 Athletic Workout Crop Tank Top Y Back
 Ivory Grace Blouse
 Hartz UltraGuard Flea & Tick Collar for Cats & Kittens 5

---

▶ [WHAT IS NEEDED]
Return every line of the material word for word.

▶ [WRITTEN RESPONSE]
 Athletic Workout Crop Tank Top Y Back
 Ivory Grace Blouse
 Hartz UltraGuard Flea & Tick Collar for Cats & Kittens 5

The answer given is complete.